Год назад я выпустил первый роман, и он был довольно успешен.
— Ты совсем про меня забыл, — продолжала она. — Да, знаю, ты занят. Меня постоянно о тебе спрашивают. А я только могу ответить: я его уже целую вечность не видела.
— Ничего не могу поделать. Это машина паблисити.
— Знаю, знаю, — сказала она. — Ничего не имею против.
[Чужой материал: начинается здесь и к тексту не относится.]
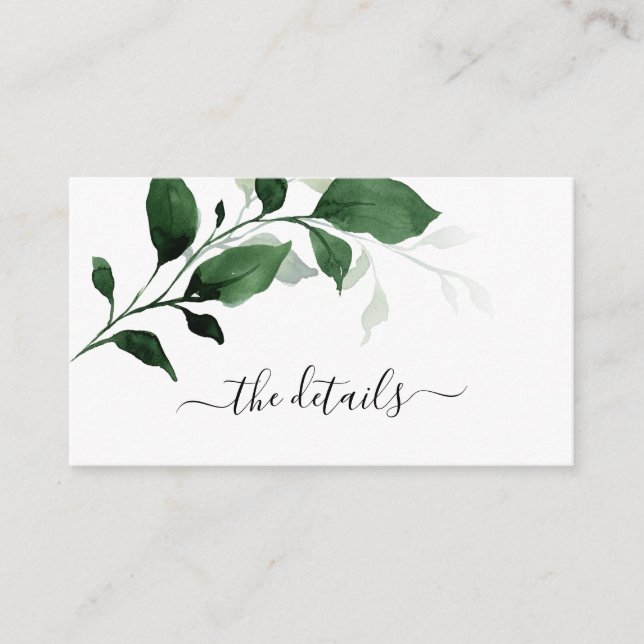 Tarjeta De Recepción Boda de follaje verde esmeralda verde verde verde  (Anverso)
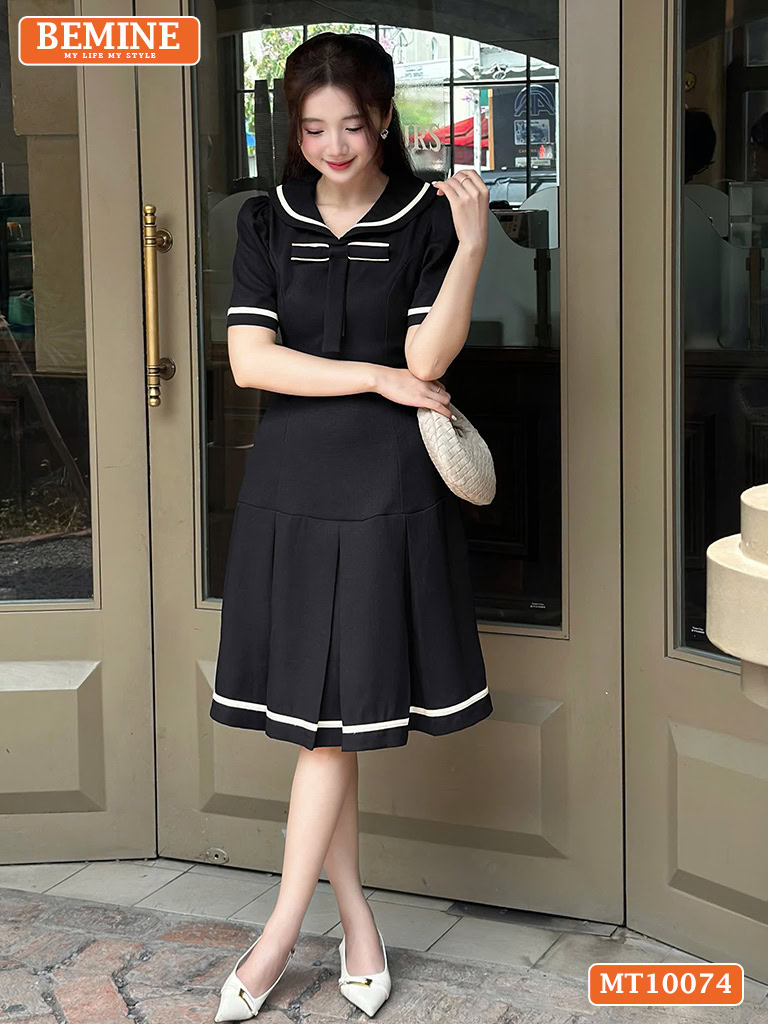 Đầm thiết kế BEMINE cổ thủy thủ đính nơ MT10074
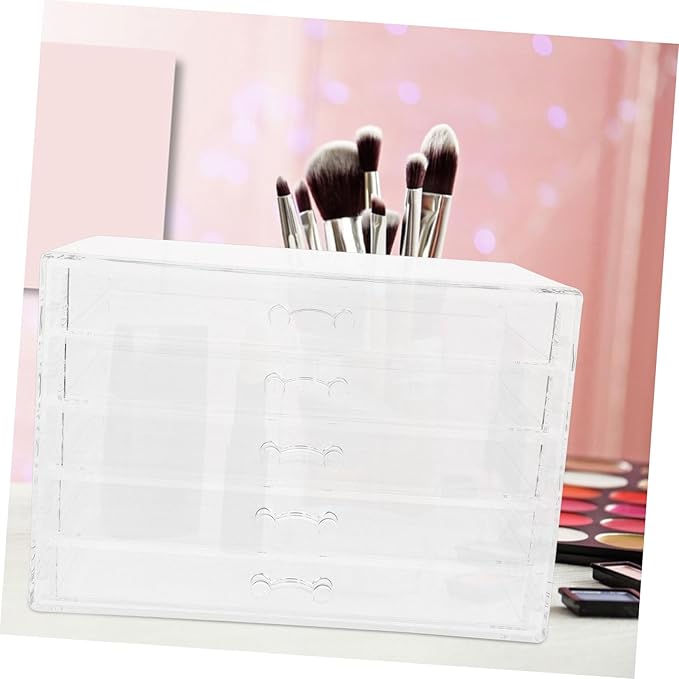 Cabilock Five Storage Box Acrylic Jewelry Organizer Makeup Holder Desktop Drawers for Countertop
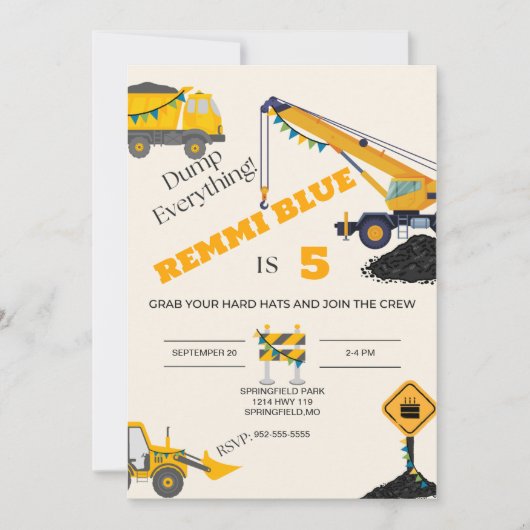 Im Bau! Geburtstag Einladung (Vorderseite)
Я рада, что книга так хорошо пошла. Но все-таки это странно, знаешь. Видеть тебя в журналах и по телевизору. Это вроде и ты, и не ты. Не знаю, как это объяснить. То есть для меня ты по-прежнему мой сын. Когда я слышу, как ты даешь интервью, я не понимаю, о чем ты говоришь. Просто слушаю твой голос. Я читаю рецензии, и рада, что кто-то думает, что ты талантливый и особенный. Но для меня ты всегда был талантливым и особенным.
Отец зашел на кухню. — Дай-ка попробовать этого пирога, который ты испекла.
Мама отрезала ему кусочек пирога. — Хочешь? — спросила она меня.